Jason (jcreed) wrote,

Liveblogging the New Jersey Programming Languages and Systems '09 meeting. I tagged along with some Penn kids that were renting a car to drive up here.

Adam Chlipala, "Syntactic Proofs of Compositional Compiler Correctness"

I liked this talk. By strengthening the induction hypothesis to quantify over the other compilers that might have compiled bits of your program, you get nice lean, syntactic modular proofs of compiler correctness that have some of the advantages of more high-powered semantic proofs that use logical relations to express compiled program equivalence.

Yu David Liu, "Task Types for Pervasive Atomicity"

Didn't really understand this talk. I fear there's part of my brain that shuts off when I hear the word "atomicity". I liked the general notion of radically different choices of defaults for defaults for programming languages, though --- I think one of the main ideas of this talk was to instead make "everything atomic with a few programmer chosen exceptions" rather than the current state of the art of making everything not atomic with a few programmer chosen exceptions.

Martin Hirzel, "Jeannie and Blink: Tools for Multi-Lingual Programming and Debugging"

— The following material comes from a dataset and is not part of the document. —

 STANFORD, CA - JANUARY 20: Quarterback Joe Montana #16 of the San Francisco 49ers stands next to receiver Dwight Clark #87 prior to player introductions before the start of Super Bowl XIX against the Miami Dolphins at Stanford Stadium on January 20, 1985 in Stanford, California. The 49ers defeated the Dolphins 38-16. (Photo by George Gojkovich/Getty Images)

Actually very nice use of color-coding and diagrams and stuff. The work was about compiling programs written in a language that lets you pass back and forth between Java and C by appropriate quoting operations in a way that reminds me of weave and tangle from literate programming. Naturally one pass slurps out the Java bits, and one pass slurps out the C bits, and you have one source file with fewer magic string constants and you can typecheck more things and life is wonderful. Interesting bit where you kind of have to closure-convert out Java and C environments, respectively, to pass around. Interesting to me I think in that it's closure-conversion with no particularly advertised notion of closures, although it's kind of like coroutines passing back and forth between the two langauges. The discussion of how they wrote a debugger that's compatible with both languages at once sort of lost me in the implementation details, but it sounds like interesting work too.

Lunch was delightfully unfancy sandwiches. Gossiped about separation logic and category theory and FPCC. There is a tower of the building we're in from which you can see reeeally far in all directions, a pretty lovely view.

David Naumann, "Region logic and dynamic encapsulation boundaries".

Reasoning about programs by allowing annotations that are little inline effectful updates to "ghost state" which never effects control flow but creates a nice abstract thing that is what you want to talk about through hoare triples to client code, rather than the implementation itself. One interesting thing is this sort of lifting operation that takes a field name, which leads to a very simple but strong, static notion of separation/separability along field name lines rather than along the lines I usually expect of natural modularity boundaries in a program. Like, if I have a class with fields x and y, surely I imagine that their values interact a lot in the course of the implementation of that class, yet surely I know that immediately after an assignment to an x in one object, no y-field of any object anywhere has changed.

Rob Dockins, "A Fresh Look at Separation Algebras and Share Accounting"

Talking about model theory of BI and separation logic and stuff. Ok, so separation algebras have enough operations to interpret separating conjunctions, but what are the axioms for? Especially cancellativity. Is there completeness after all? Dunno yet.
There is a positivity axiom: a * b = c → c * c = c → a * a = a which effectively forbids nontrivial units, i.e. negative elements. Equivalent to requiring substate relation (a substate of b iff b splits as a * c) is antisysmmetric. They also require "disjointness" a * a = b → a = b. Apparently disjointness implies positivity, but not the converse.
There is a "cross-split" axiom that requires that if you have two resource divisions, you can refine it to a four-way split. There is a highly surprising "dense" splitting axiom finally that says that any nonempty thing can be split into two nonempty things! Is this like fractional permissions? Ok, yes, sure seems to be. Oh, actually it seems to be about a whole basket of different (one might say) permission schemes with various different properties. Now he defines a separation algebra based on funny coinductive-ish-feeling tree structures that has basically every nice property every mentioned, including decidable equality. Pretty slick.

Ken Shan, ``Lifted inference: normalizing loops by evaluation''
Seems to be doing some delimited continuation magic to do loop
lifting optimizations in the programming language itself, rather than
in the compiler. The idea seems to be to some extent classic "debugging by delimited continuations" by making funny continuationy breakpoints, but then you do some symbolic evaluation to tell when the lifting optimization is allowed.

Qian Xi, "A Context-free Markup Language for Semi-structured Text"

I tragically dozed off during the motivation section because I already think PADS is a good idea, and then I sort of lost the thread. The phrase "substructural logic" got used at some point, and that woke me up, but I failed to see where she was doing any logic. Maybe I should look it up later and read it, it sounded like kind of interesting work. Oh! Wait, no here it is, it's related to relevance logic somehow. Too bad I don't get how exactly.

All in all a fun time, glad I went. My hit rate for understanding basically what was going on in talks was alarmingly high. Either my attention span is improving or they were generally good talks, and I suspect the latter.